Mobil sedan itu semakin cepat mengejar kami hingga di jalan tol. Danang memacu
mobil dengan kecepatan yang tinggi, diarah berlawanan ada sebuah truk yang
membawa buah-buahan. Kami hampir menabrak truk itu jika Danang tidak membelok.
Terjadi sebuah tabrakan antara truk itu dengan mobil yang mengikuti kami.
“Yang tadi itu hampir saja,” kataku
masih tidak percaya.
“Hahaha,
kau harus terbiasa kawan,” tawa Danang.
Akhirnya
kami sampai di sebuah rumah susun di perkampungan kumuh. Kami bergegas mencari
rumah sopir pribadi Galih yang bernama Agus. Kami menaiki tangga hingga ke
lantai 4 kemudian berjalan ke sebuah kamar yang paling ujung.
Danang mengetuk pintu. Tak lama,
pintu itu dibuka oleh seorang laki-laki muda yang kira-kira berusia 5 tahun.

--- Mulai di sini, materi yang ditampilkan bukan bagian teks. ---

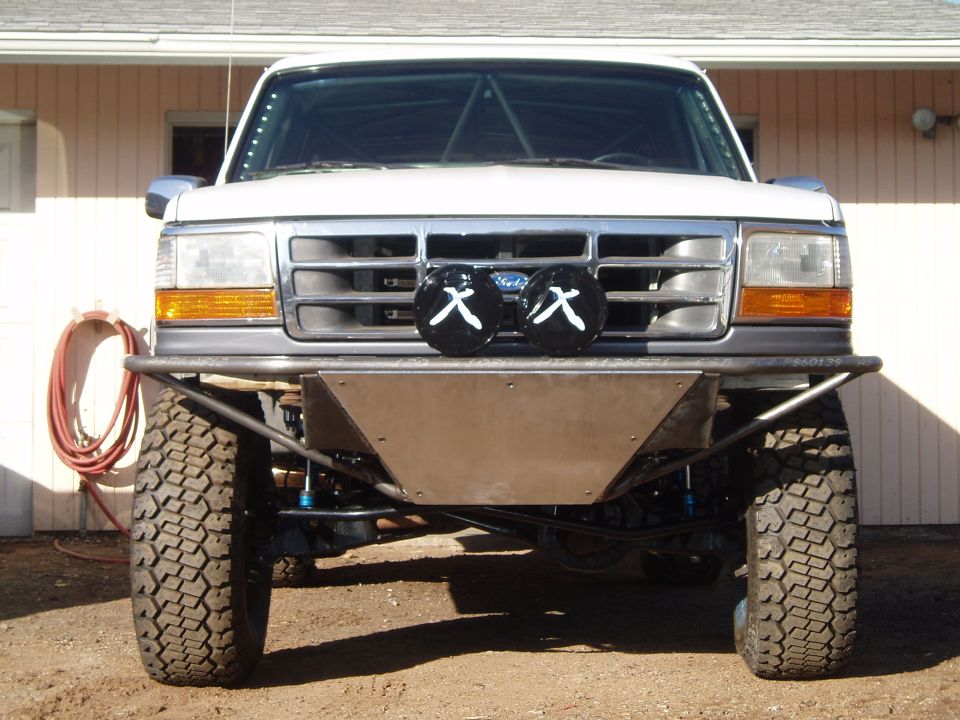 Lifted white Ford Bronco front view with tube bumper and lights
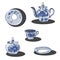 A set of dishes in the gzhel style with blue flowers. Porcelain and earthenware ceramic items for table setting. Teapot, sugar bow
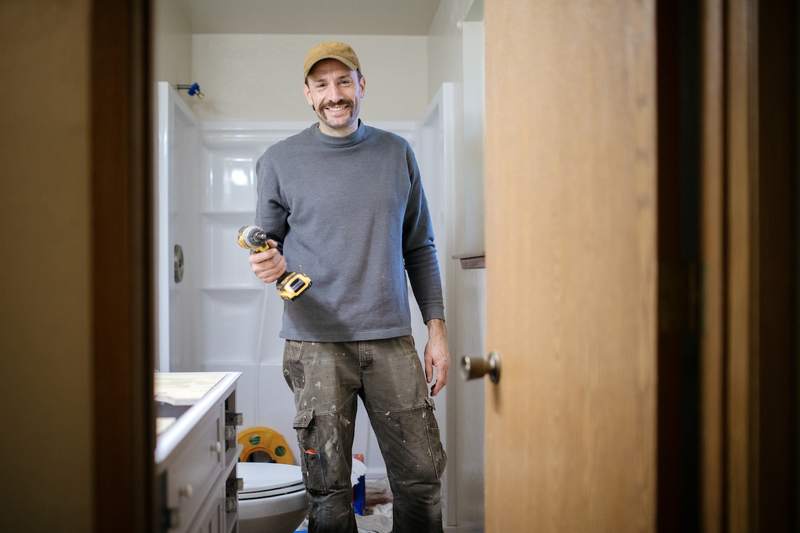 A contractor makes a repair in the bathroom of a house.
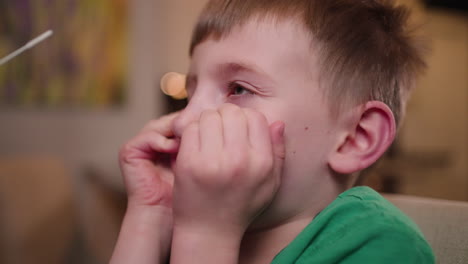 little boy is scared to get a nasal swab for a covid-19 rapid response test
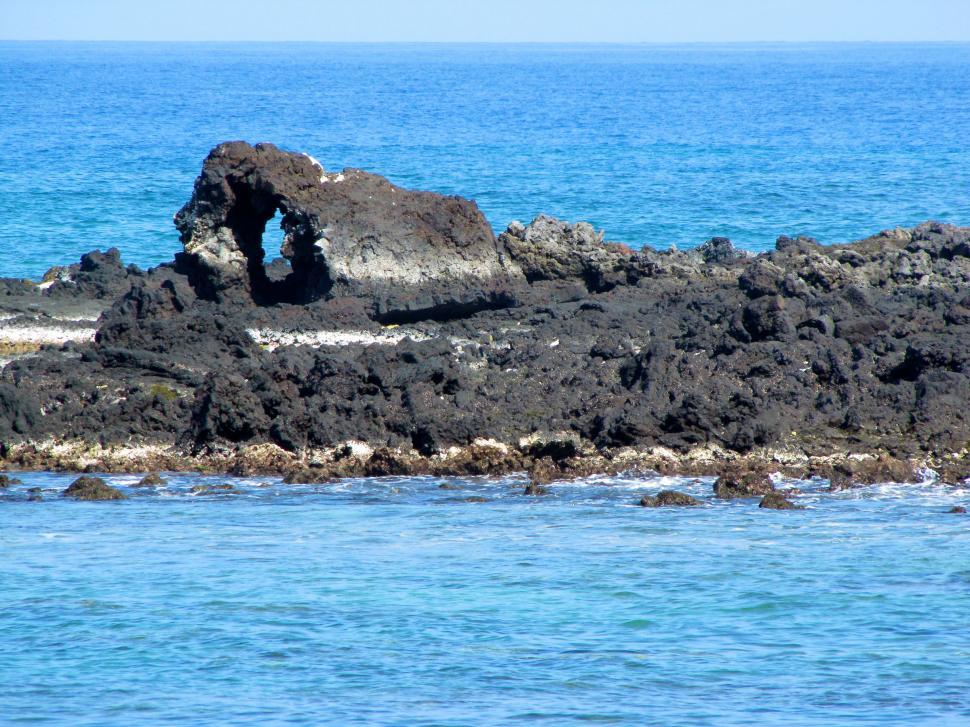 Free Image of Rock Outcropping in the Middle of the Ocean 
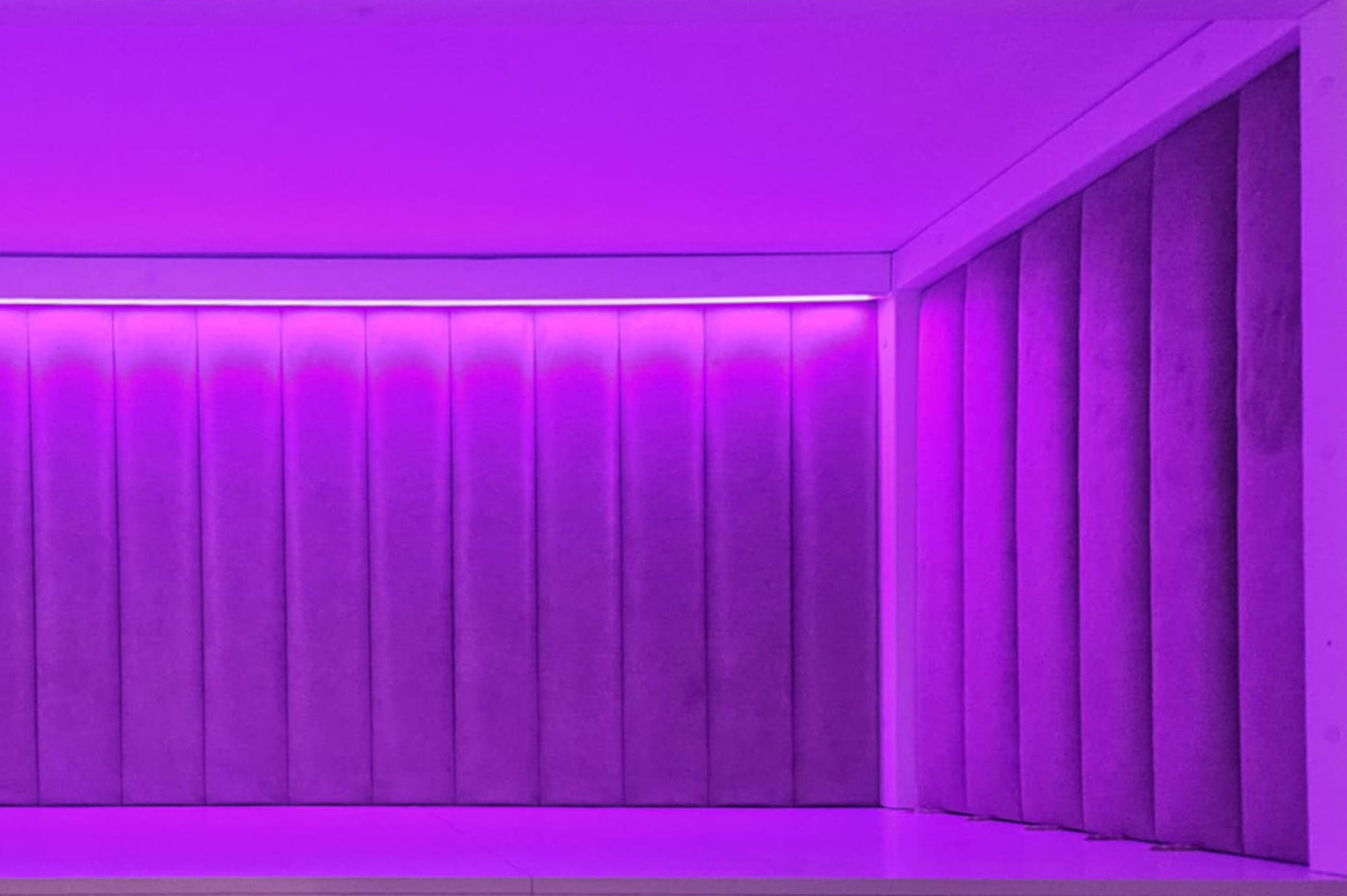 Nowoczesna ściana z paneli tapicerowanych w odcieniach fioletu, oświetlona listwą LED. Minimalistyczny design z pionowymi przeszyciami.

“Cali ciapa ya?” tanya anak itu
dengan bahasa cadel.
“Ayahnya ada dek?” kata Danang sambil
tersenyum.
“Ayah ada, om. Masuk dulu,” kata
bocah itu mmpersilahkan kami masuk. Ruangannya tidak terlalu besar tetapi cukup nyaman untuk ditinggali.
Perabotan tertata rapi. Disalah satu dinding terdapat foto seorang laki-laki
yang kupikir pasti Pak Agus dan perempuan disampingnya yang sedang menggendong anak tadi adalah
istrinya.
“Ayah, dicali sama om-om,” teriak
anak tadi masuk ke dalam sebuah kamar. Kemudian
muncul Agus dan istrinya. Mereka memandang kami penuh tanya.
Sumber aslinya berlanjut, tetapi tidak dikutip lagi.